Step two - and I'll tell you, the hens were mesmerized with the whole process, was attaching the short hose that came with the waterer to our spigot. Easy enough until I turned the water on and saw that every connection had a leak. I added washers and plumbing tape to the hose ends and finally - FINALLY - was able to announce with some finality and satisfaction, voila! to the birds. All connections were tight and clean. In a word - perfect.
At first there was nary a leak to be found. Then a single verrryyy slow leaked popped up. Nothing that couldn't be remedied with a bucket. The leak was so slow that by the time a second drip fell, the first drip had nearly evaporated. I could live with that.
The next day, a second drip popped up near the base of the waterer which, to the hens, was like the most bitchin' day at the water park ever! In fact, they are so taken with the new leak that I don't think they have drank from the water that is in the bowl.
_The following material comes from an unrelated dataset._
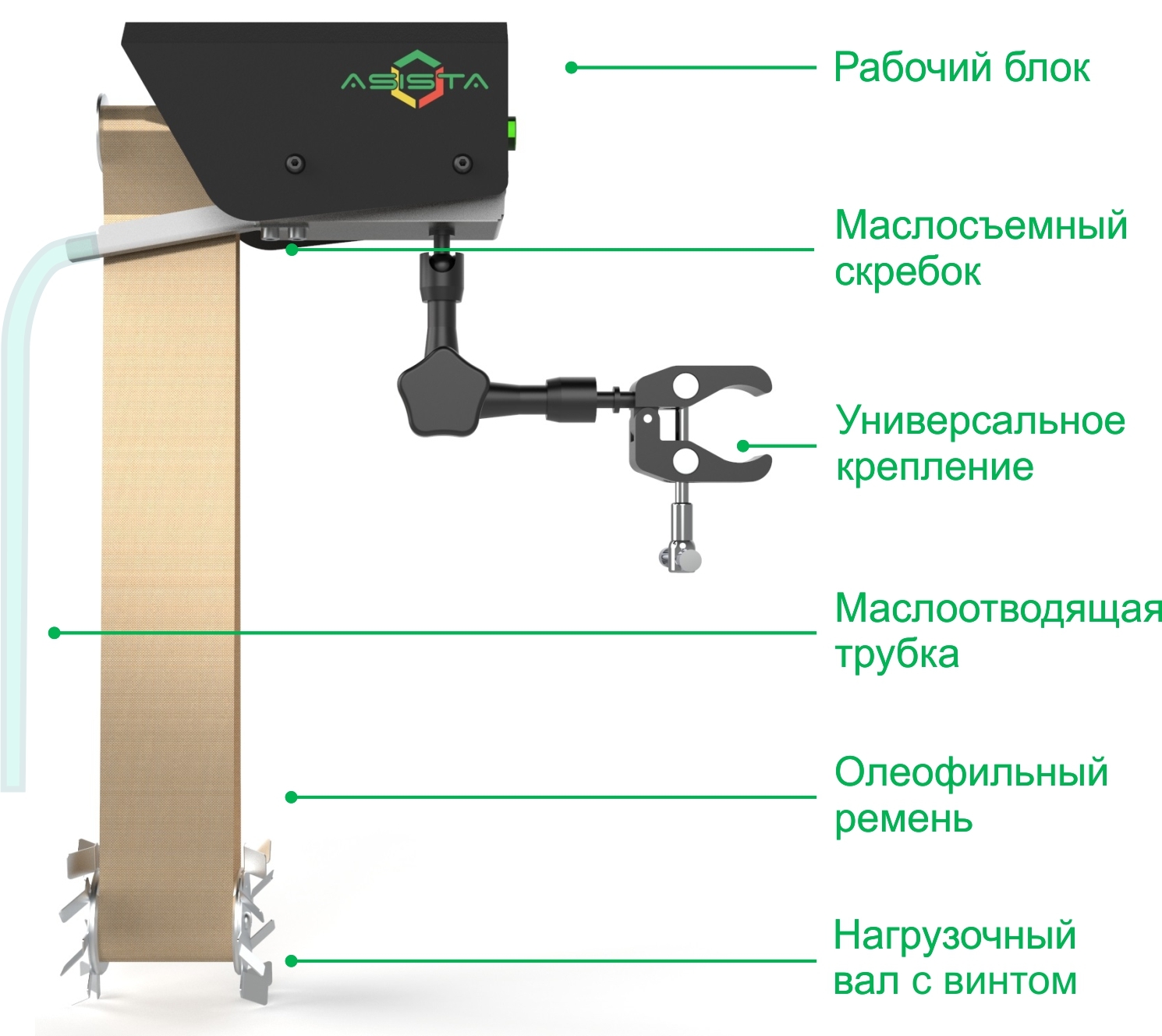 Скиммер Skimol для очистки СОЖ и моющих растворов от масла. Компания ASISTA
No. They drink from the leak; the ever rapidly increasing leak. I'm exasperated and wonder if I shouldn't have just let the water trickle from the garden hose to begin with if they all like the dripping so much. I could have done without the waterer altogether.
My own very personal (three) thoughts on this whole thing: the jerk I dated in college may have been hyper-critical about the most mundane things (the way I tied my shoes, for example) but he turned me on to the wide world of garden hose gaskets and I thank him. My waterer may have a few leaks but the gaskets do minimize the leaking. He wasn't shy about using two gaskets at a time if necessary. When in doubt, double up on the gaskets.
Secondly, YouTube has a video for everything. Michael uses it quite a bit. When I think to myself, what would Michael do - because I really want to do these things on my own without asking him for help every step of the way - he would go to YouTube. This is where I learned about dremeling out the backflow preventer.
Lastly, two thumbs up for clean drinking water. I love it, the birds love it, apparently the city loves it so much that they've required home owners to have maddening little contraptions attached to their spigots in an effort to maintain a clean drinking water supply.